The Heidelberg Catechism reflects the fruit not only of that generation but represents a crystallization of thought within the Western Christian tradition itself. It stands as witness to the “Catholicity” of the doctrine of Justification by Faith available to all those who find their hope in Jesus Christ alone through faith alone. In our day of increasingly “churchless” Christianity, the Catechism also bears witness to a paradigm for the Christian life that emerges from the Baptismal Covenant.
With Baptism as the starting point, our faith resides in the objective promise of God through the Church (the Body of Christ in its witness). The other alternative is that we are left disastrously to the subjective experience of the autonomous individual who considers himself free to interpret the Bible however he may will and yet claim to be a “Christian”. In other words, the Heidelberg stands as document that connects the primitive catholic tradition with the challenges of our own day.
For these reasons, our Synod builds upon this classic symbol of the faithful and hopes with it to forge a new Reformed and Evangelical consensus. We pray that such a consensus results in a vibrant contemporary mission and ministry for this day and age.
John Nevin’s History and Genius of the Heidelberg Catechism is a short yet powerful work that introduces the Heidelberg Catechism in its original German context.
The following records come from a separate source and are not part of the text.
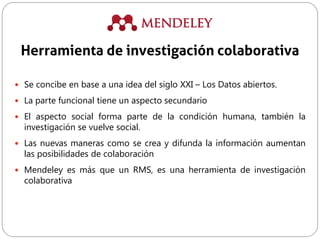  Se concibe en base a una idea del siglo XXI – Los Datos abiertos.
 La parte funcional tiene un aspecto secundario
 El aspecto social forma parte de la condición humana, también la
investigación se vuelve social.
 Las nuevas maneras como se crea y difunda la información aumentan
las posibilidades de colaboración
 Mendeley es más que un RMS, es una herramienta de investigación
colaborativa
Herramienta de investigación colaborativa
 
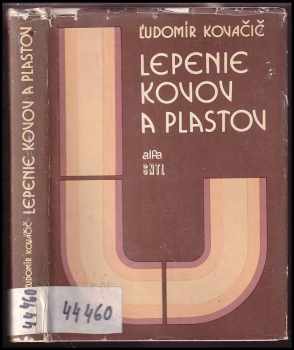 Lepenie kovov a plastov - Ľudomír Kovačič (1980, Alfa) - ID: 359479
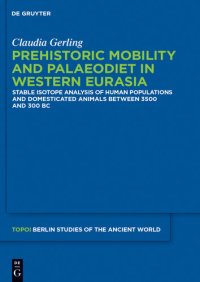 cover of the book Topoi Berlin Studies of the Ancient World Volume 25: Prehistoric Mobility and Diet in the West Eurasian Steppes 3500 to 300 BC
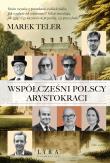Współcześni polscy arystokraci. Autor: Marek Teler. Dadada.pl Okładka książki Współcześni polscy arystokraci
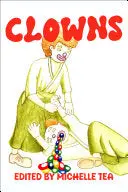[05/26/26] Tea, Michelle (Ed.): Clowns 1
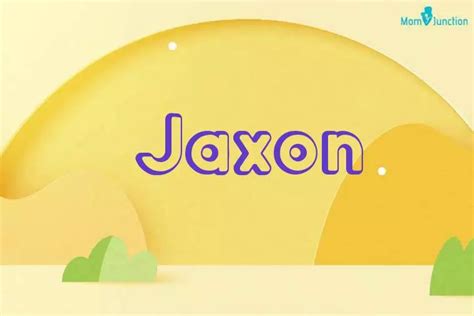 jaxon發音|Jaxon – meaning, origin, pronunciation & popularity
In the American experience, the Heidelberg Catechism is normally interpreted in correlation with other confessions. In the German Reformed setting in America, it stood alone as the sole confession of that church. That was a unique situation. In Hungary, the Heidelberg Catechism is held in conjunction with the 2nd Helvetic Confession and in churches descended from Holland, that catechism is juxtaposed with the Belgic Confession and the Canons of the Synod of Dordt. American Presbyterians while holding to the Westminster standards often esteemed the Heidelberg catechism highly alongside those documents.
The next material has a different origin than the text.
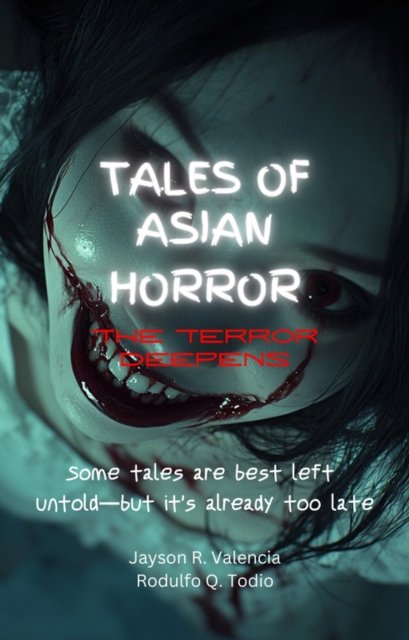 Tales of Asian Horror: The Terror Deepens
In the original context of the Palatinate, the Heidelberg can be said to be held in conjunction with the prevailing Protestant confession of that day – Melancthon’s Augsburg Confession! When the catechism was tested for it’s orthodoxy, it was by Melancthon’s document that the catechism was judged.
As the Reformed Evangelical Synod of America continues to form, we will adopt a modern language version of the Heidelberg and it will be held in conjunction not only with the historic creeds but also with our own Articles of Religion. These articles are based on the 39 Articles of the Anglican church with our own concerns thoroughly expressed.
Our intention in following this pattern is to create a synod where the Heidelberg Catechism can be lived out in a context very similar to that which formulated the document – a churchly body committed to the historic faith of the church across the ages and renewed in the age of Reformation.
For us, the History and Genius of the Heidelberg Catechism are too wonderful to be left in the past. They must be fleshed out in contemporary mission!